**INSTRUCTIONS FOR THE TASK**.
Leave out the pictures and retype everything else in the records below exactly.
● ● ● ●
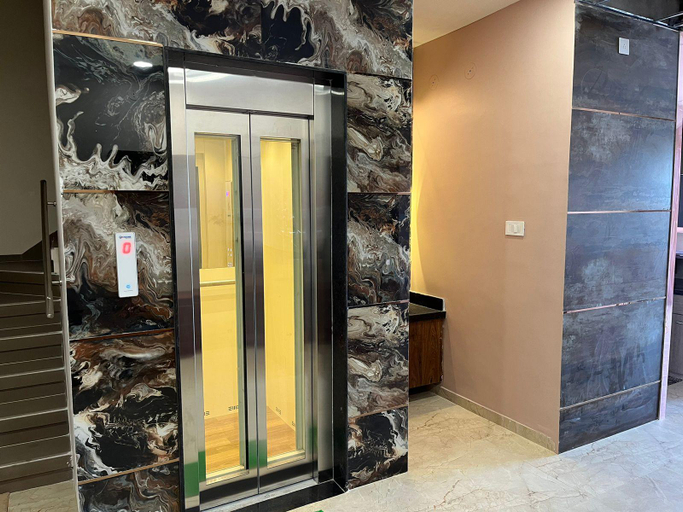 Lobby 3, Kasa Comfort Inn, Indore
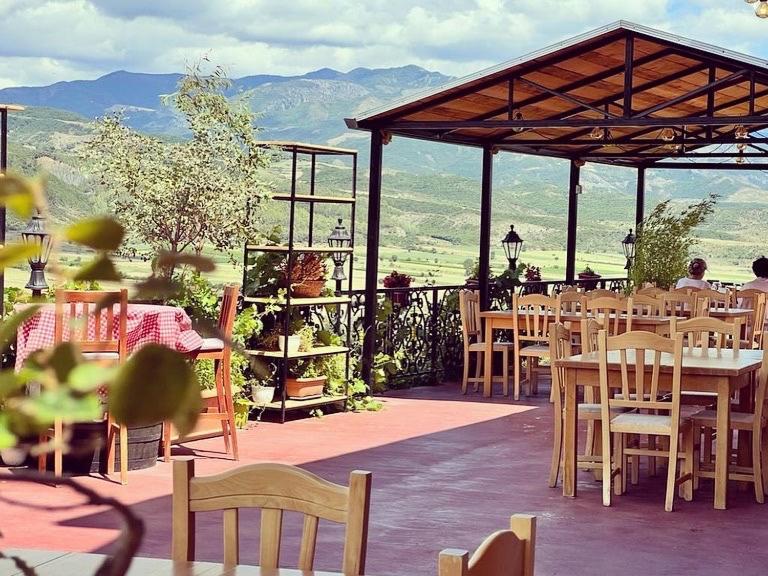 Bujtina Te Xhako Hostel Përmet Екстериор снимка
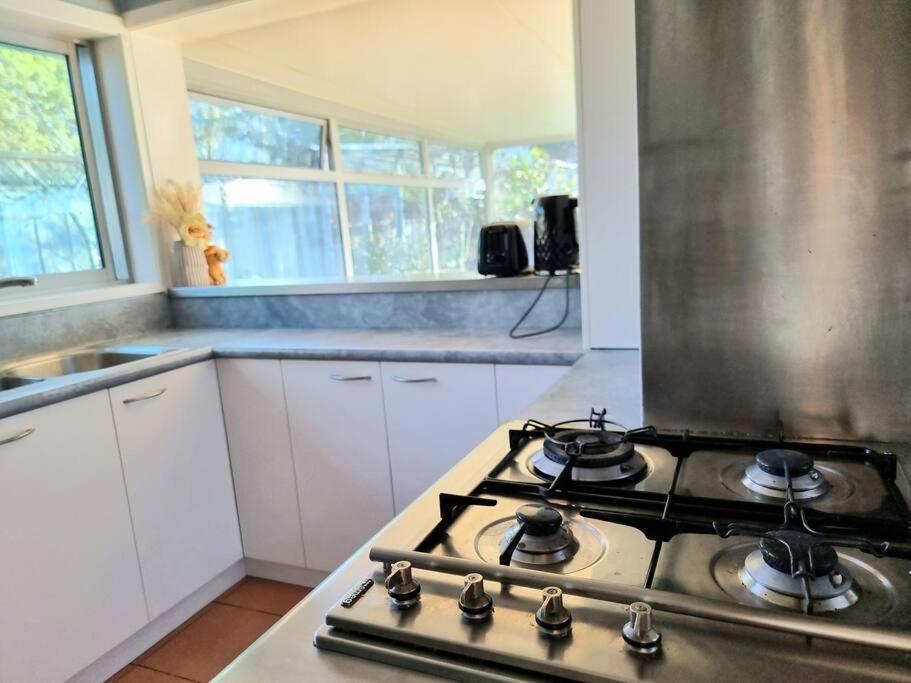 Holiday home 3brm Burside Family House 3km Airport 8min Uni Harewood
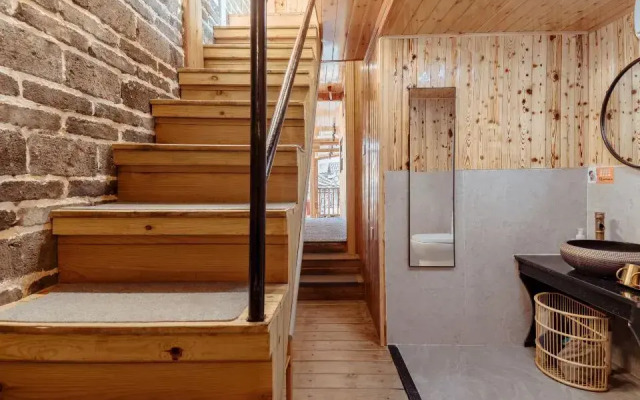 Huasao·1949 Designer Parent-Child Vacation Type Smart Homestay (Nanjing Yunshuiyao Waterwheel Store）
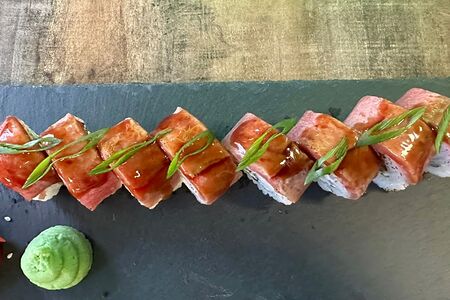 Филадельфия с тунцом татаки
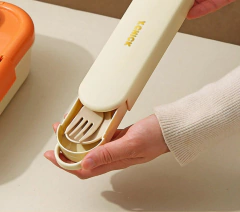 CUBIERTOS COLORES DE FIBRA DE TRIGO CON ESTUCHE - comprar online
● ● ● ●
**EXPECTED ANSWER**.
 Lobby 3, Kasa Comfort Inn, Indore
 Bujtina Te Xhako Hostel Përmet Екстериор снимка
 Holiday home 3brm Burside Family House 3km Airport 8min Uni Harewood
 Huasao·1949 Designer Parent-Child Vacation Type Smart Homestay (Nanjing Yunshuiyao Waterwheel Store）
 Филадельфия с тунцом татаки
 CUBIERTOS COLORES DE FIBRA DE TRIGO CON ESTUCHE - comprar online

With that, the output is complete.